A woman stepped out of the mist, her body long and thin, her eyes that same eerie silver as the woman in the dress shop. But this was a different woman. The woman in the dress shop had been human enough to fool me; this one had a narrow feral face, her chin too pointed and her cheekbones too sharp. And the silver in her eyes blocked out all the white.
"I don't know who that is," I told her.
The woman laughed. Her teeth were filed into points.
"You don't know who you are?" she asked me.
"I know I'm not Ananna of the Tanarau."
The woman laughed again, and I knew it was pointless to lie. I wished to the deep dark sea that I had waited for Naji to finish his magic.
"Who are you?" I asked.
She tilted her head and little lights danced in the shadows around her. Whenever I looked at them I felt dizzy.
The woman drifted up beside me. It took me a minute to realize that she didn't have feet, that her skirts ended in a cloud of creeping mist that got up under my clothes, all cold and damp. Those little lights swirled outside my line of vision, and I used all my willpower to keep my sight focused on the bridge of her nose. I knew better than to look her in the eye.
"Surely you know," she said. "You've met my kind before. Harbor. Although she did insist on a fully human body." The woman laughed. "Stupid of her. At least she bled all over your world and not mine."
"That ain't what I'm talking about. I know you ain't human." I took a deep breath and steadied myself. "You know my name. Only seems fair I know yours."
The woman gazed at me for a long time. I stood my ground, even though the mist crept and crept around me.
"You can call me Echo," she said.
"You expect me to believe that's your name?"
"I didn't say it was my name. I said it's what you can call me." She gave me this sly, slow smile that reminded me of a fox. It showed just enough of her teeth.
"So what do you want?"
"Now that," she said, "I'm certain you already know."

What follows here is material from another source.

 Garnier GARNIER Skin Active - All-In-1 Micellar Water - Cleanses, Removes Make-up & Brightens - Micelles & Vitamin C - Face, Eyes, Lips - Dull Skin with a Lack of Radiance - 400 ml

"You'd be wrong." A lie, of course. I knew damn well what she wanted.
She stared at me for a long time, like she couldn't decide if I was lying or just that stupid. I could tell she figured either one was a possibility.

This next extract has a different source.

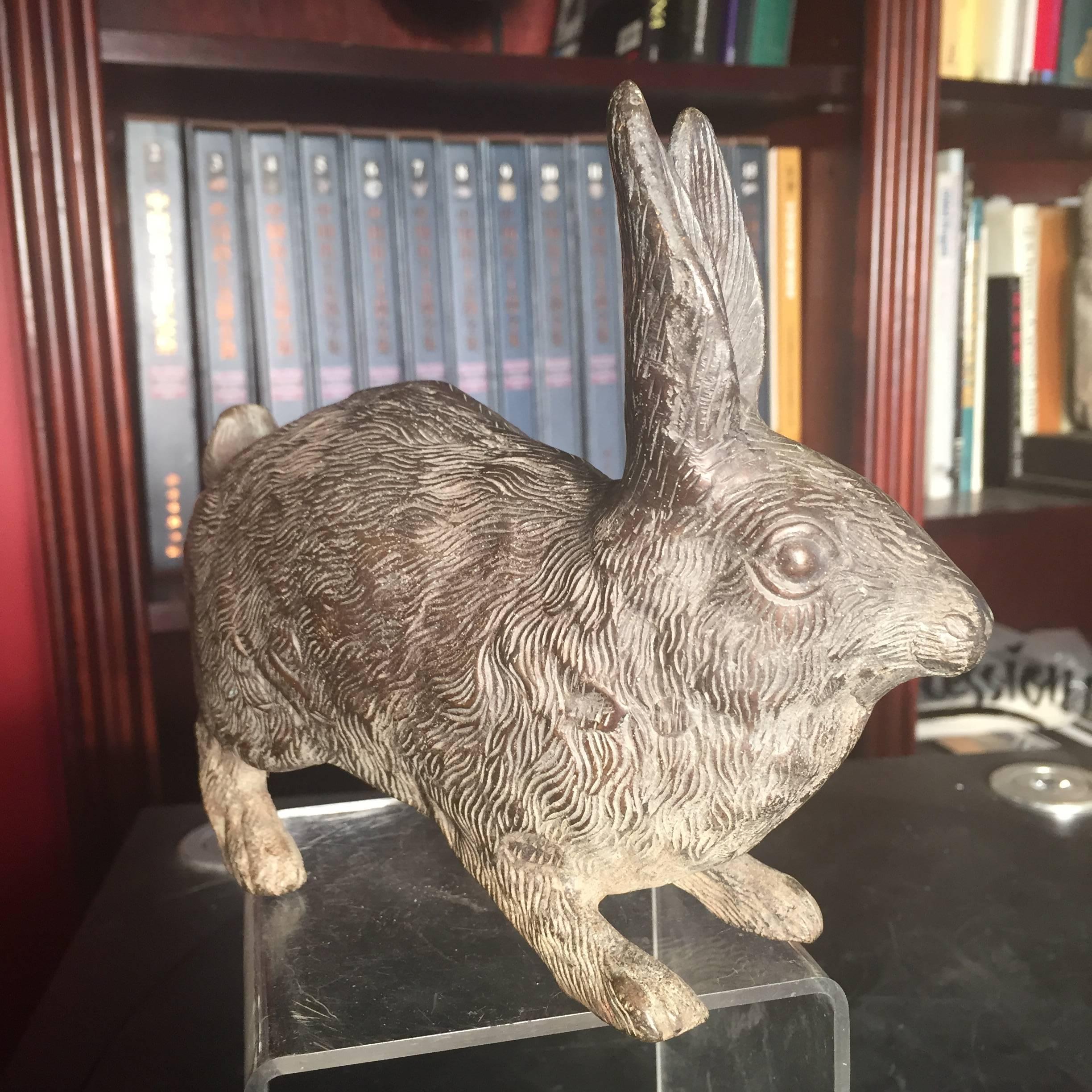 Japan Antique Hand Cast Bronze Scampering Rabbit Pricked Ears Fine Details 1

"Your companion," she said finally. "The assassin."
"Oh, him." I frowned. "I don't know where he is."
She tilted her head. "Don't confuse me with Harbor," she said. "I've been doing this much, much longer than she. That charm she lent you was one of my own devising. It should have worked. But the assassin had taken precautions I didn't realize."
The woman ghosted her hand along the line of my throat, coming close but never quite touching. I could feel Naji's charm pressing against my heart. "You seem to have taken precautions yourself."

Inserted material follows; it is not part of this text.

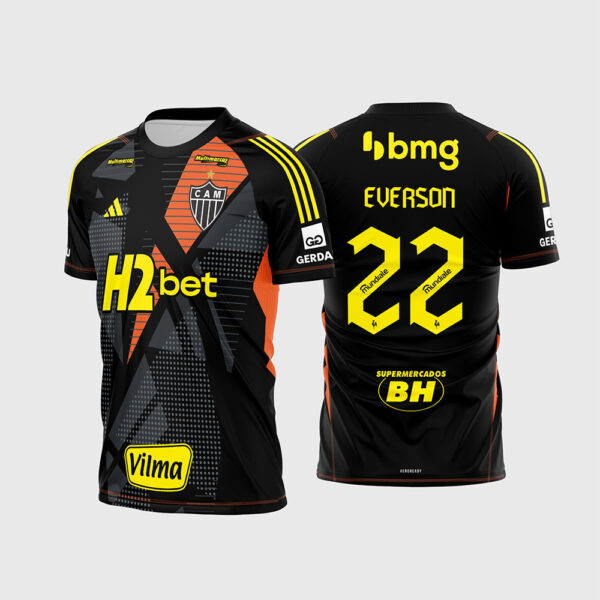 Arte Vetor Template Camisa Clube Atlético Mineiro Galo Goleiro 2024 2025 Preta Grafismos Laranja Amarelo Everson 22 Patrocinadores Oficial para Sublimacao CorelDRAW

"Figure I can't be too careful, out in the wild."
She drifted closer. Her body gave off cold the way a normal person's gives off heat. She still didn't touch me, though, and I figured I could thank Naji's charm for that.
"You can still help me," the woman said. "It will be of your own accord, and that way is always better. And I would never expect you to work for free."
Her silvery eyes drifted over my face and came to rest on the charm.
"Oh yeah?" I asked. "What would you give me?"
She laughed. "Whatever you want."
"Money? Empire money, I mean, not some worthless Mist coins."
"We can acquire wealth, yes. Human wealth."
I looked past her, to the gray space where she'd first appeared. It shimmered in the trees, a thundercloud that lost its way out of the storm. From where I stood, the Mists were grayness. They were nothing.